Wireshark-dev: Re: [Wireshark-dev] Remove our bundled crypto library (in favor of Libgcrypt)?
On 02/11/2017 07:55 PM, Peter Wu wrote:
On Sat, Feb 11, 2017 at 06:27:41PM +0000, João Valverde wrote:
On 02/11/2017 12:14 PM, Peter Wu wrote:
On Fri, Feb 10, 2017 at 12:59:46AM +0000, João Valverde wrote:
On 02/08/2017 01:40 PM, Peter Wu wrote:
On Mon, Feb 06, 2017 at 03:25:40PM -0800, Guy Harris wrote:
On Feb 6, 2017, at 3:17 PM, João Valverde <joao.valverde@xxxxxxxxxxxxxxxxxx> wrote:
None from me but can we use Nettle instead? Any reason not to? Word on the street is that it is more pleasant to work with than gcrypt.
I am only familiar with Libgcrypt which is not that hard to use. Have
you tried both libraries? What were your experiences?
License-wise they are similar. Based on development activity (commit
count), it seems that Nettle is mostly developed by one person while
Libgcrypt has more.
An actual look at the Nettle documentation shows that Nettle provides
direct access to crypto routines (aes128_encrypt, aes256_encrypt,
aes_decrypt, chacha_poly1305_set_key, etc.). Libgcrypt provides a more
generic interface (gcry_cipher_open, gcry_cipher_encrypt) which means it
is easier to use when multiple ciphers can be chosen (which is the case
for SSL/TLS, IPsec, IKE).
Thus, I think that it is better to stick to Libgcrypt than migrate to
Nettle.
I was not considering a migration from gcrypt to nettle, just choosing one
of the two libraries to replace our bundled crypto. Assuming the effort
required for that is similar (maybe an incorrect assumption).
The status quo is that Libgcrypt is already used in many places while
nettle is only an implicit dependency (needed for GnuTLS). Since
Libgcrypt and nettle are comparable in feature set, changing to nettle
would be more effort and it seems better to stick to Libgcrypt.
There are two things here: one is a bunch of Libgcrypt calls guarded by
#ifdefs. Those will stay, obviously, unless someone wants to step forward to
do the porting work and review to move to a different library.

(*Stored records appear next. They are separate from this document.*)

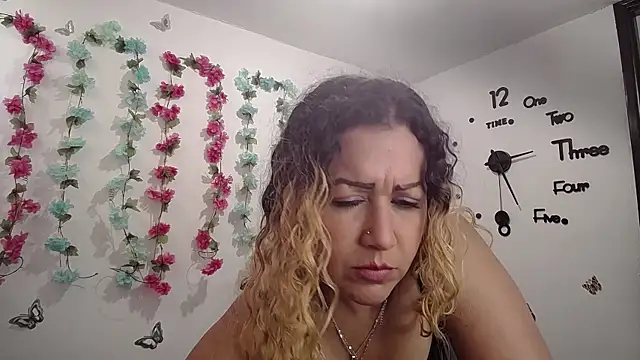 Skarleth Diaz online show from September 21, 2025, 3:02 pm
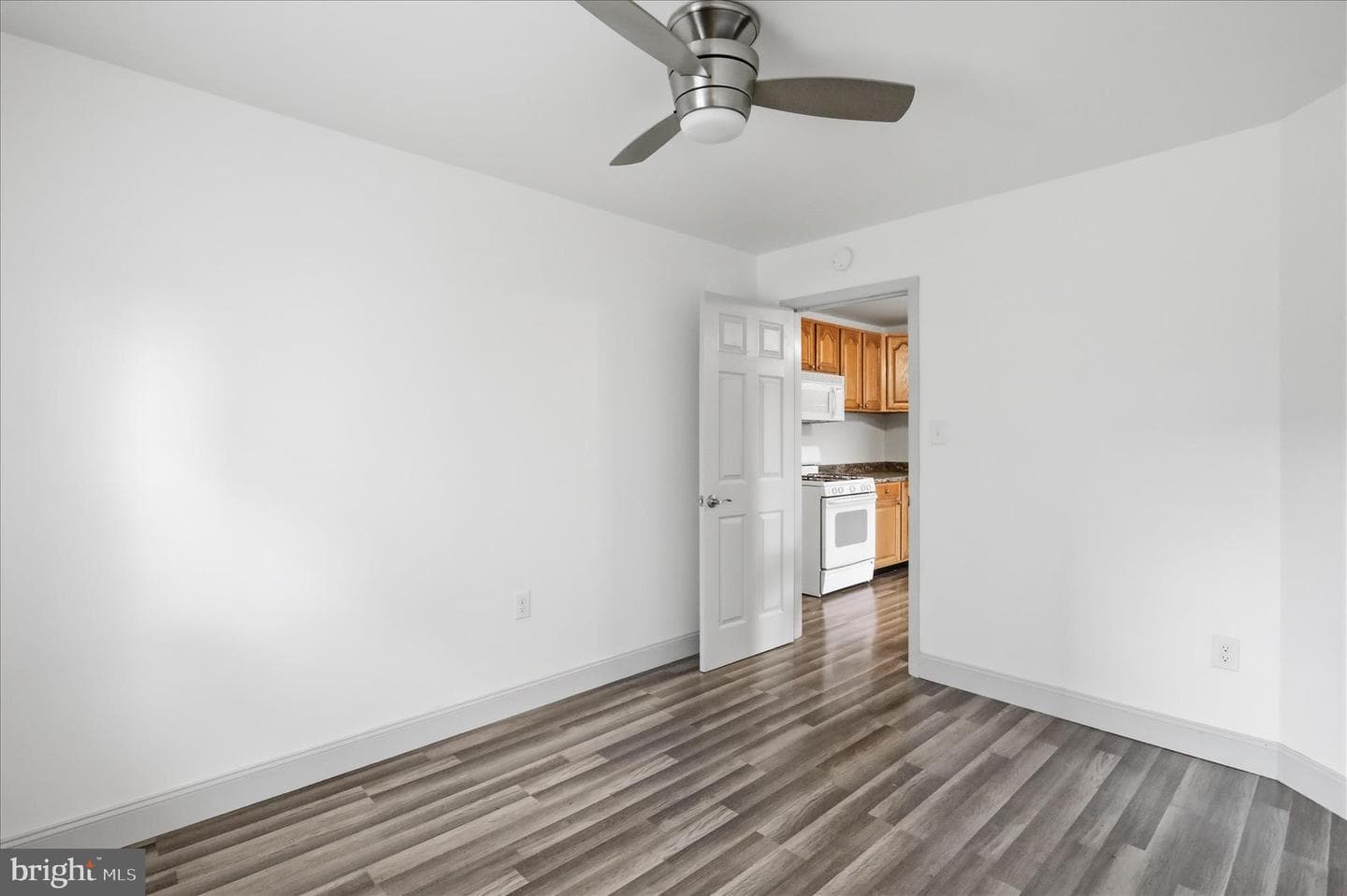 416 Race Street photo 11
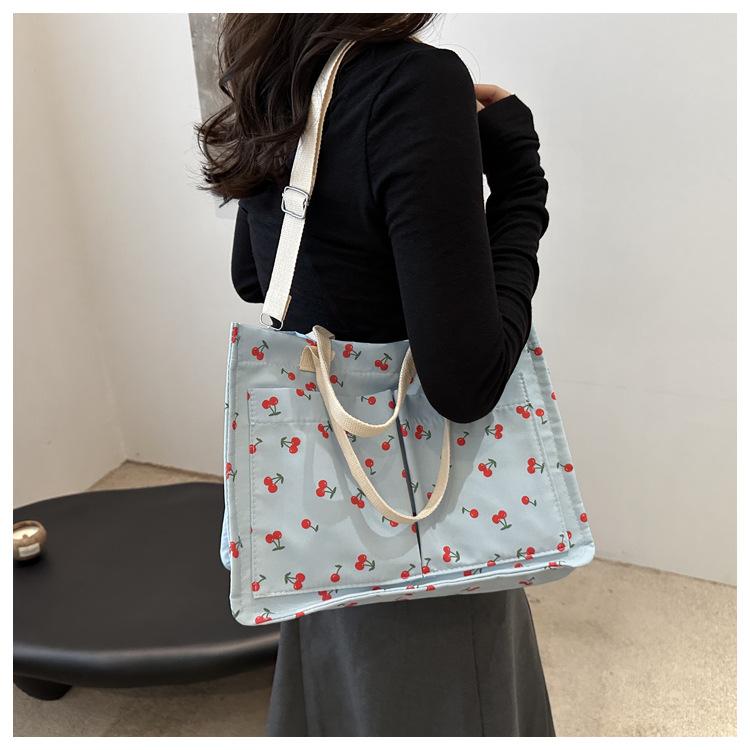 Large-capacity canvas student class 2024 Autumn new Korean-style trendy and personalized printed tote handbag for women undefined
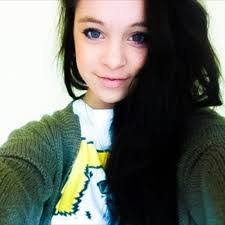 Sasha Hayes's Instagram, Twitter & Facebook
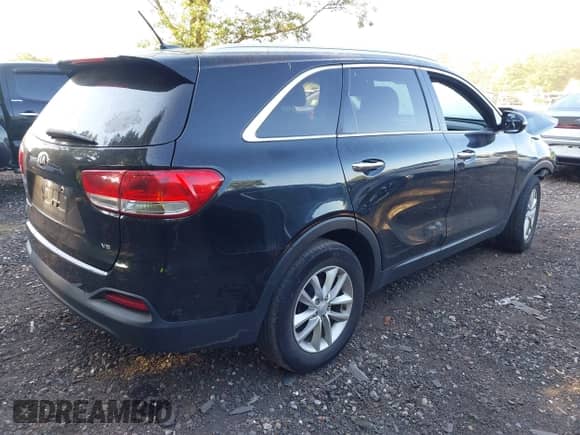 2017 Kia Sorento LX with VIN 5XYPG4A51HG249943, listed as a IAAI auction lot 43259009 with 74,818 mi miles and . Bid and sale history available at DreamBid. Image 4.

The other is a bunch of of crypto files in wsutil that could be replaced by
any number of crypto libraries. For example wsutil/aes.c comes from FreeBSD
apparently. I hadn't even thought of Nettle before Gerald mentioned it but I
was just wondering if it would be a better option than Libgcrypt. No big
deal, just thought I would ask.
Your change set (20030) hasn't addressed the second case. All the wsutil
code is still there. Just out of curiosity are you planning to work on this?
My original goal was to replace wsutil by an existing crypto library
(case 2). Since we Libgcrypt is already used in a lot of places, it
seemed natural to replace wsutil by Libgcrypt.
When trying to do so, I noticed that having an optional Libgcrypt makes
it much harder and hence changeset 20030 was created first to make it
mandatory. Once that is in place, we can change the wsutil crypto users
to Libgcrypt. I plan to start working on that in the next days, let me
know if you want to join this effort :-)
I think a small abstraction layer above the lower-level crypto routines,
whatever those may be (libgcrypt, nettle, home-grown - yuck), would be a
useful thing to have. It would accomplish two things:
1. Easily change dependencies without having to change dissector code.
2. Disable crypto in a saner way and keep the dependency optional,
without having to use #ifdefs all over the place (just one place in
fact). Example:
int ws_aes_decrypt(...) {
#ifdef HAVE_AES_DEPENDENCY
err = aes_decrypt(...);
if (err == AES_OK) {
return WS_CRYPTO_OK;
} else {
...
}
#else
return WS_CRYPTO_DISABLED;
#endif
}
Then of course require crypto consumers (dissectors and whatever else)
to handle the WS_CRYPTO_DISABLED case as appropriate.